Gegründet wurde das Frankfurter Museum, damals noch „Galerie Junge Kunst“, im Jahr 1965. Mittlerweile ist die Sammlung, deren angestammtes Domizil im gotischen Rathaus der Stadt gerade umgebaut wird und die bis auf eine Ausnahme (die Bilder des Mainzer Pop-art-Malers Hans Ticha) aus Werken von KünstlerInnen der ehemaligen DDR besteht, auf über 11.000 Gemälde und Plastiken, Grafiken und Zeichnungen angewachsen. Und da der Rahmen der Ausstellung nun schon abgesteckt ist, bieten sich deutsch-deutsche Vergleiche an. Zeitvergleiche, Systemvergleiche, immer noch.

Dabei schneiden die hier vorgestellten 60 „Ostler“ nicht schlecht ab – läßt man außer acht, daß bestimmte Strömungen wie beispielsweise die Konzept-Kunst in der Frankfurter Sammlung bisher völlig unberücksichtigt geblieben sind. Aber auch so wird einmal mehr deutlich, daß in der DDR die verschiedensten Kunstrichtungen nebeneinander existierten. Ein Eindruck, der sich durch den Ausstellungsaufbau an der Budapester Straße noch verstärkt. Kaum einer der Teilnehmer, die meisten davon aus der Generation der Dreißig- bis Vierzigjährigen und inzwischen feste Größen in der neu-bundesrepublikanischen Kunstszene, ist mit mehr als einer Arbeit vertreten.

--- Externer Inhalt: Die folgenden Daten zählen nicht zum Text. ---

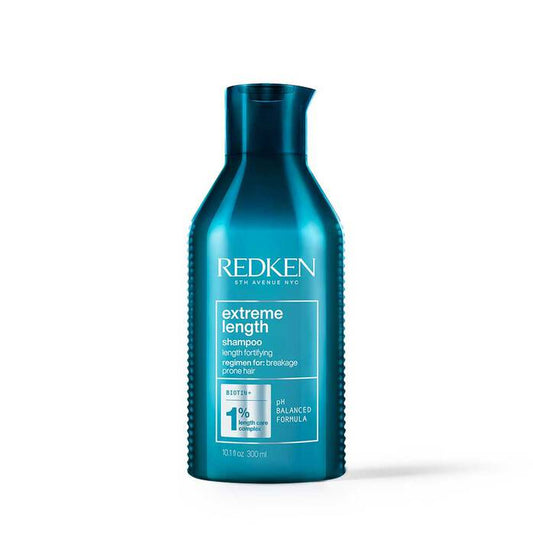 Redken Extreme Length Shampoo w/ Biotin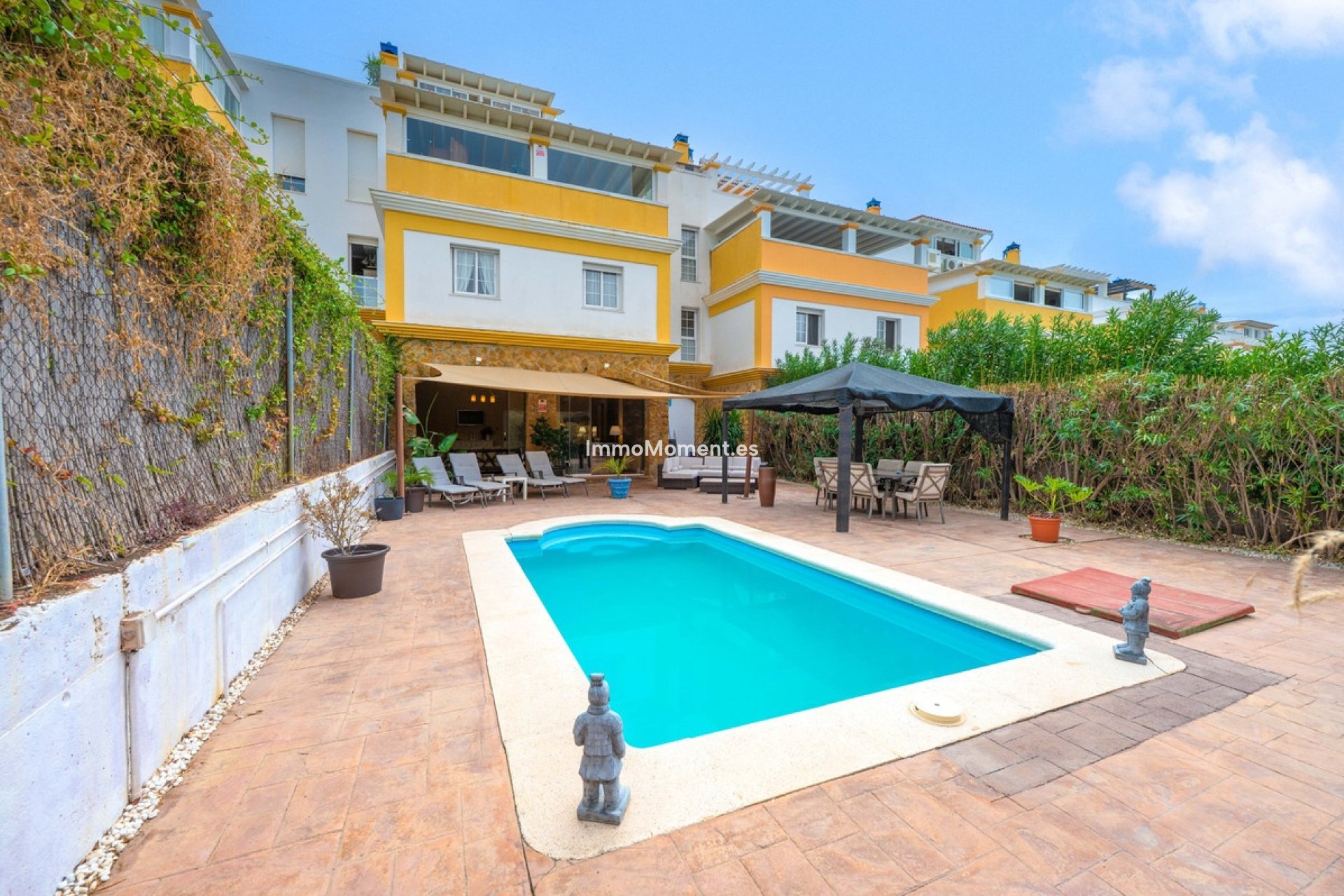 Bestaande woning - Villa - Mijas - Mijas Costa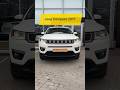 Позашляховик / Кросовер Jeep Compass 2017 2.36 л. Автомат обл. Полтавська, Полтава - Фото 1/16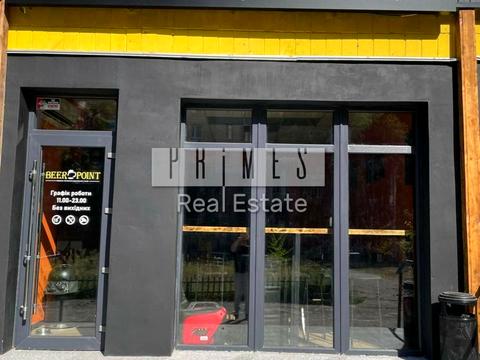 комерційна за адресою Микільсько-Слобідська вул., 6/2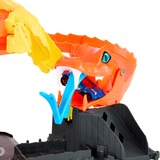 Mattel HTN81, Racerbane 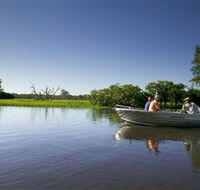 Yellow Water - Perths Hotel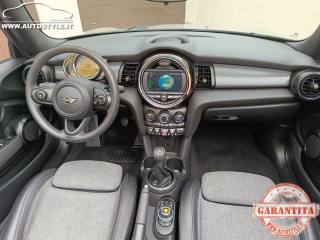 MINI Cabrio usata 117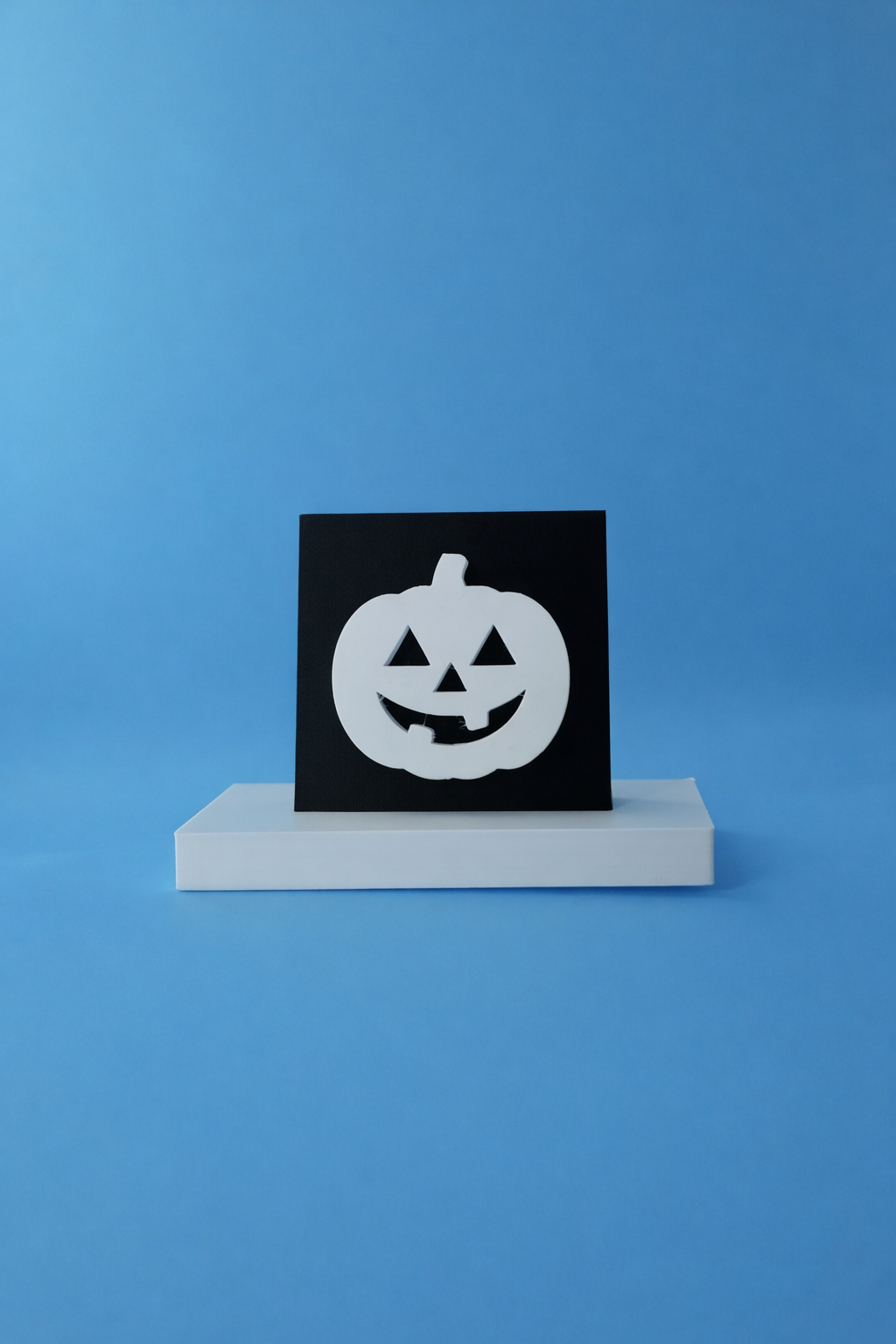 Jack-O Lantern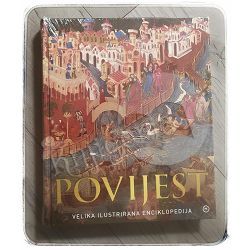 Povijest – Velika ilustrirana enciklopedija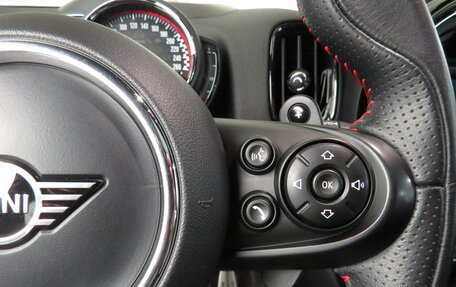 MINI Countryman II (F60), 2018 год, 3 349 000 рублей, 16 фотография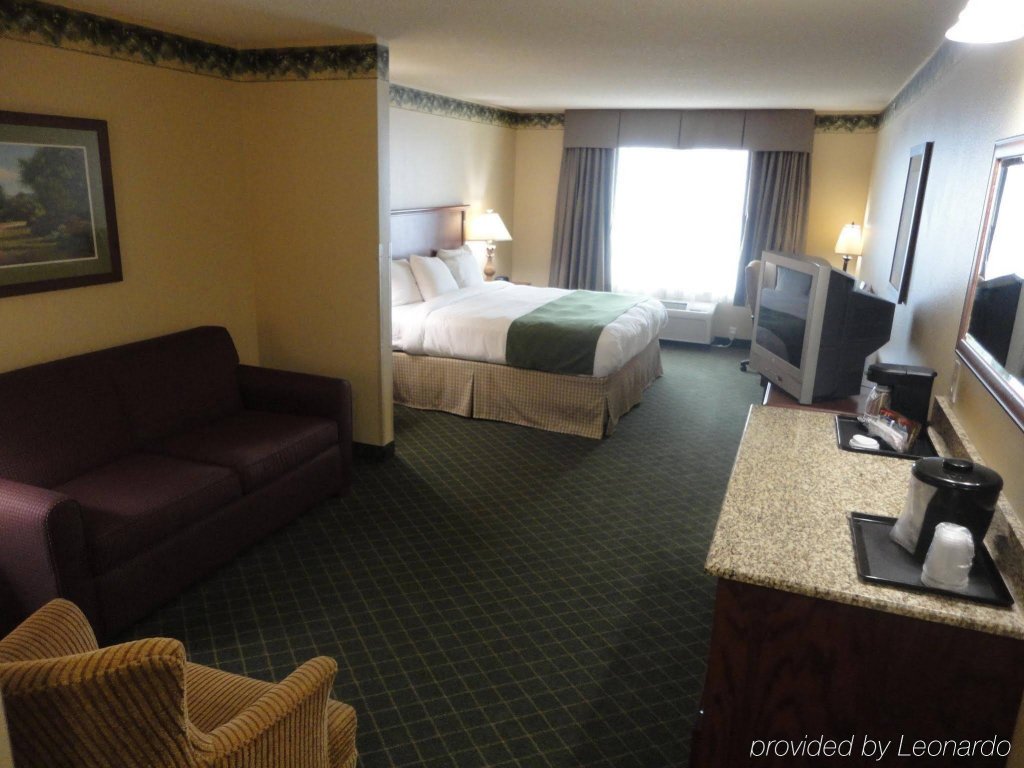 Фото Country Inn & Suites by Radisson, Boise West, Id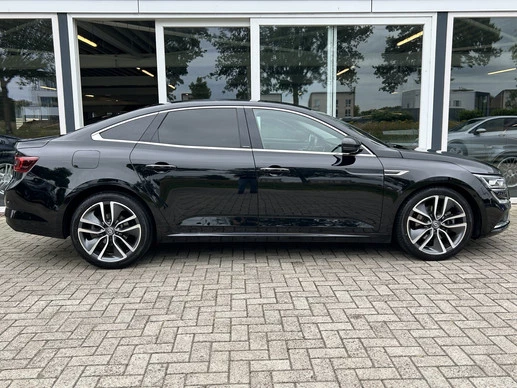 Renault Talisman - Afbeelding 11 van 30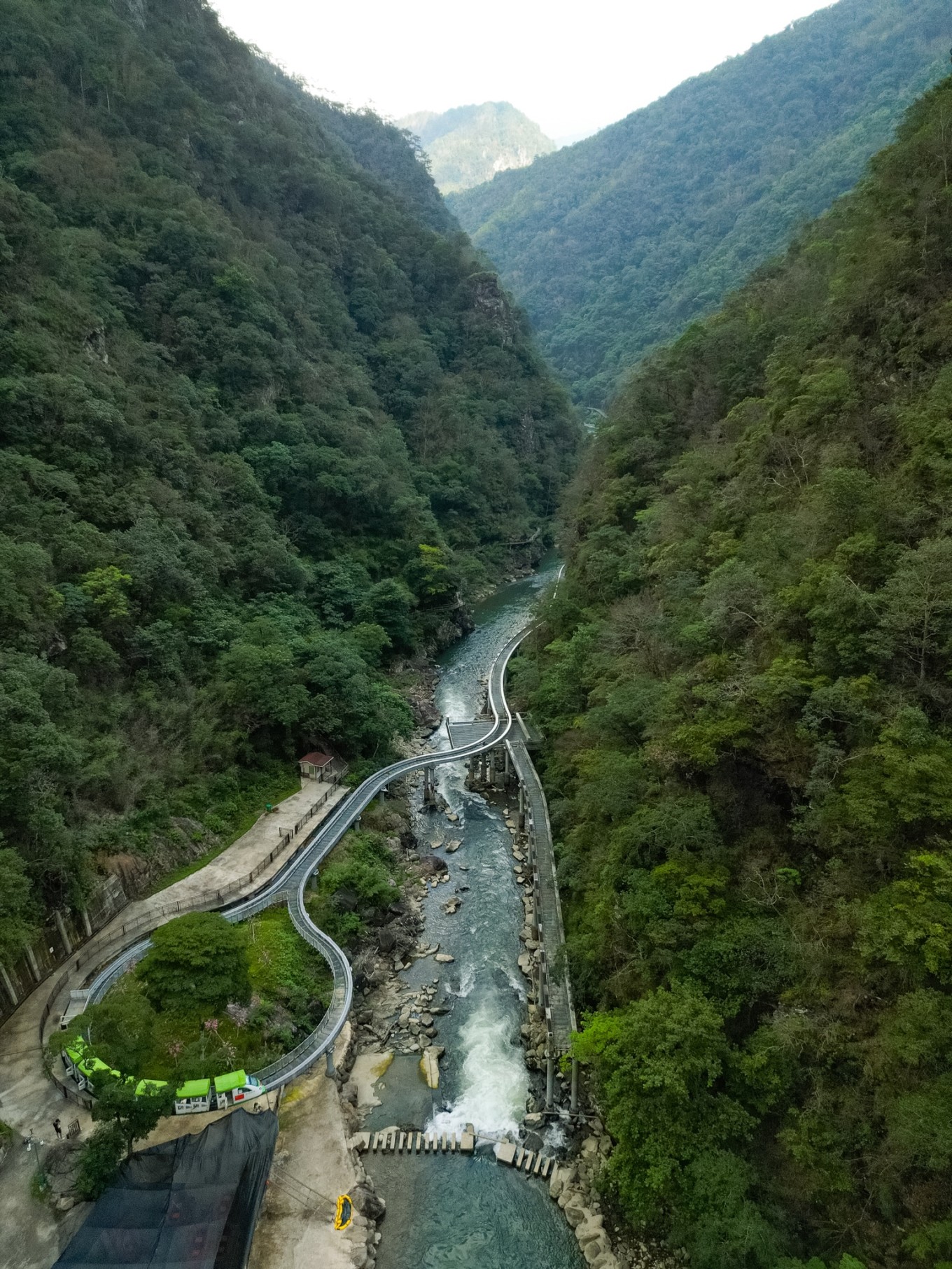 宜春冬天风景,关于江西宜春美景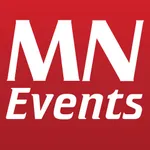 MEXICONOW Events icon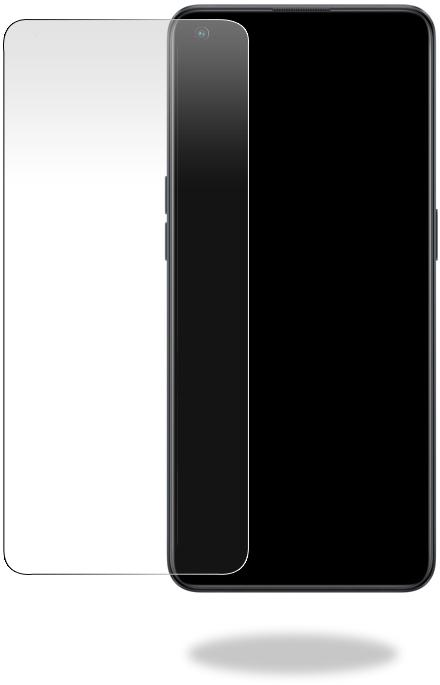 Productafbeelding Mobilize Glas (1 Stuk, Oppo Reno 8 Lite, Oppo Reno 7 5G)
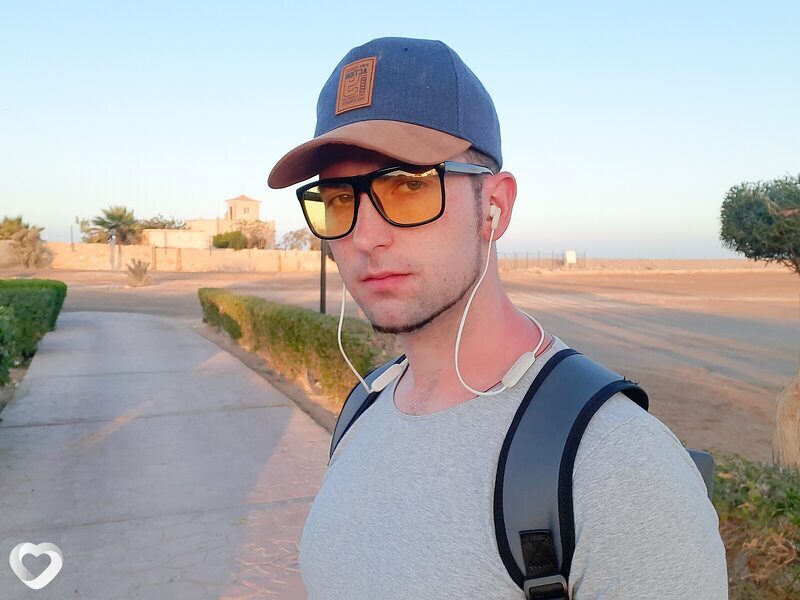Дмитрий, 28, Улан-Удэ — анкета №1510982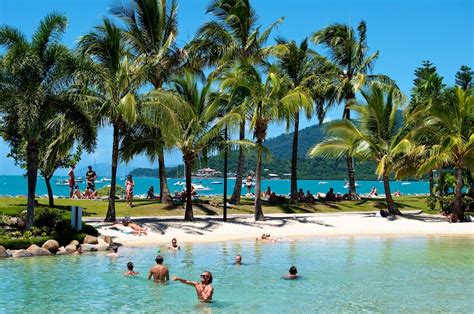 Coral sea resort airlie beach – Artofit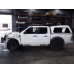 FORD RANGER RIGHT REAR DOOR PJ-PK, DUAL CAB, 12/06-06/11 2009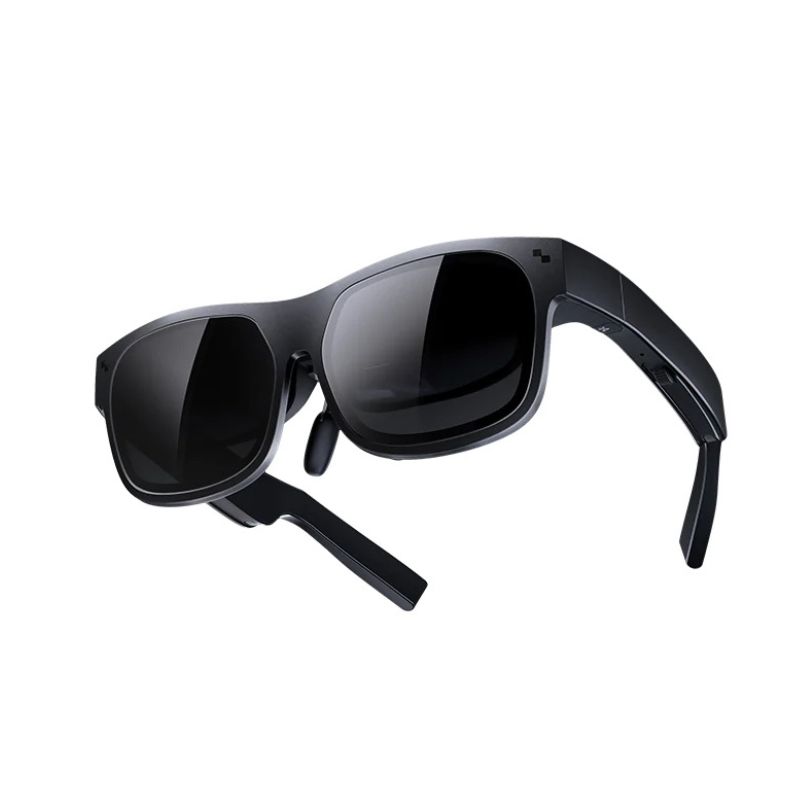 بهترین قیمت برای خرید عینک هوشمند TCL Rayneo Glasses Nxtwear S Plus | مشاوره رایگان در نورنگار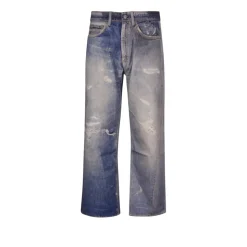 Third Cut Jeans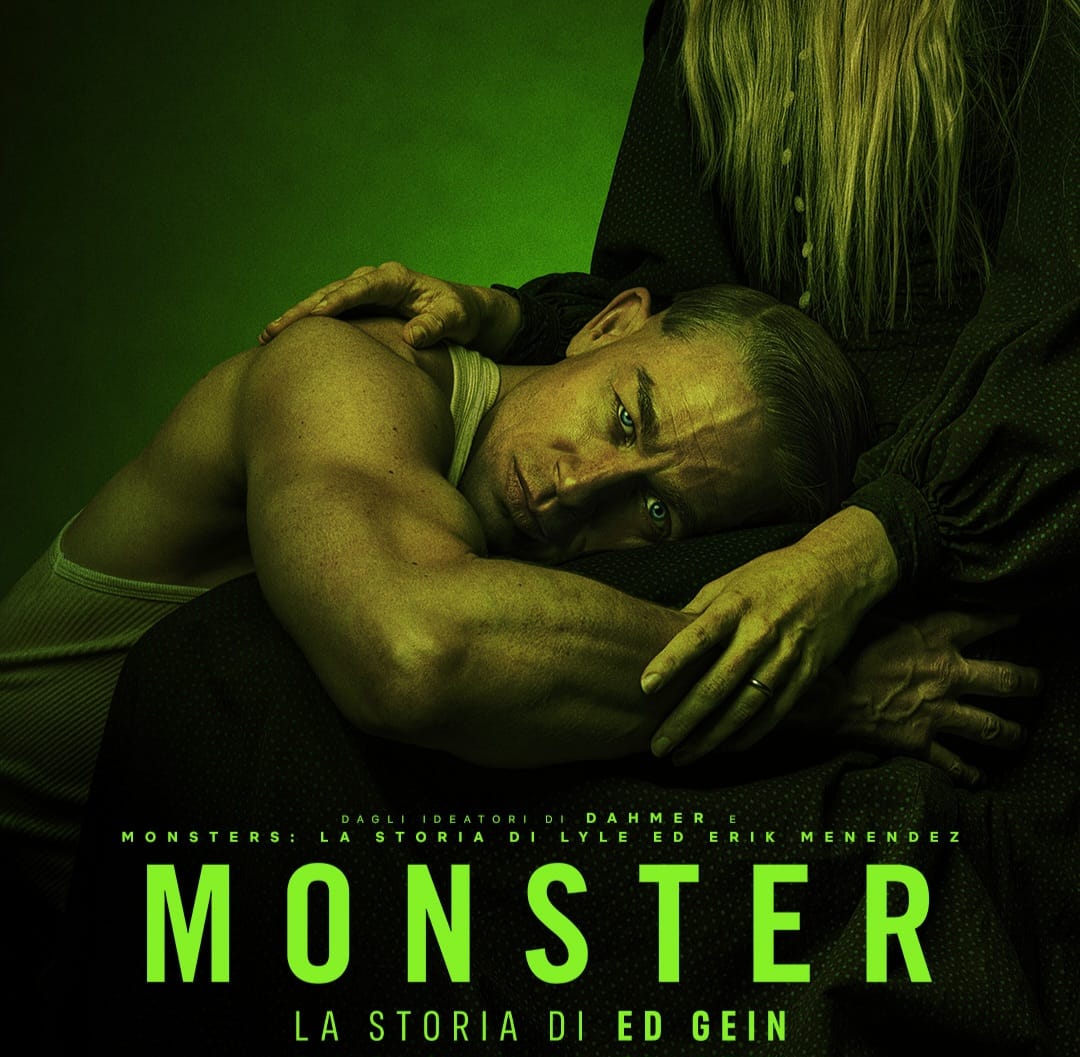 Monster: La storia di Ed Gein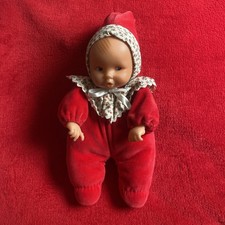 Corolle 2000 poupon d'occasion Corolle 2000 poupon d'occasion  La Rochelle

Die bekannten, an Impressionismus, Expressionismus oder der Neuen Sachlichkeit geschulten figurativen Positionen werden ergänzt durch die gestische Malerei von Max Uhlig oder Hartwig Ebersbach, durch raumgreifende Bildobjekte von Hans Scheuerecker, die großformatigen Op-art- Zeichnungen von Karl-Heinz Adler oder eine archaisch wirkende Installation von Kaeseberg. Hans- Hendrik Grimmling malt wie Marcus Lüpertz, nur freier und gewaltiger, sein Kollege Clemens Gröszer wie die kritischen Realisten, nur delikater.

Man begegnet einer der wuchtigen Schlachthausszenen von Jürgen Wenzel oder einem grellen, aus der Intensität der reinen Farben leuchtenden Bild Strawaldes. Von dem Berliner Klaus Killisch, neben Kaeseberg und den Brüdern Nicolai einer der Shooting-Stars der neudeutschen Kunstszene, stammt der „Raucher“ von 1987.

Aber die Sammlung hat auch Schwachstellen, die Skulpturen von Rolf Biebl etwa, die Gemälde von Volker Stelzmann oder die Plastiken des unentschlossen wirkenden Frank Seidel. Gänzlich fehlen die Dresdner Autoperforations- und Aktions-Künstler, Via und Pina Lewandowski, e. Twin Gabriel oder der Berliner Micha Brendel. Der Makel sollte sich beheben lassen. Ansonsten kann man es mit dem Bildhauer Hans Scheib halten: „Auch wenn es heute nicht gerade leicht ist, die Schablonen von Ost- oder Westkünstler zu zerbrechen, nötig wär's.“ Ulrich Clewing

„...auch deutsche Kunst“ Teil II, bis 27. 2., täglich 10-20 Uhr, Kunstforum der Grundkreditbank, Budapester Str. 35, Charlottenburg.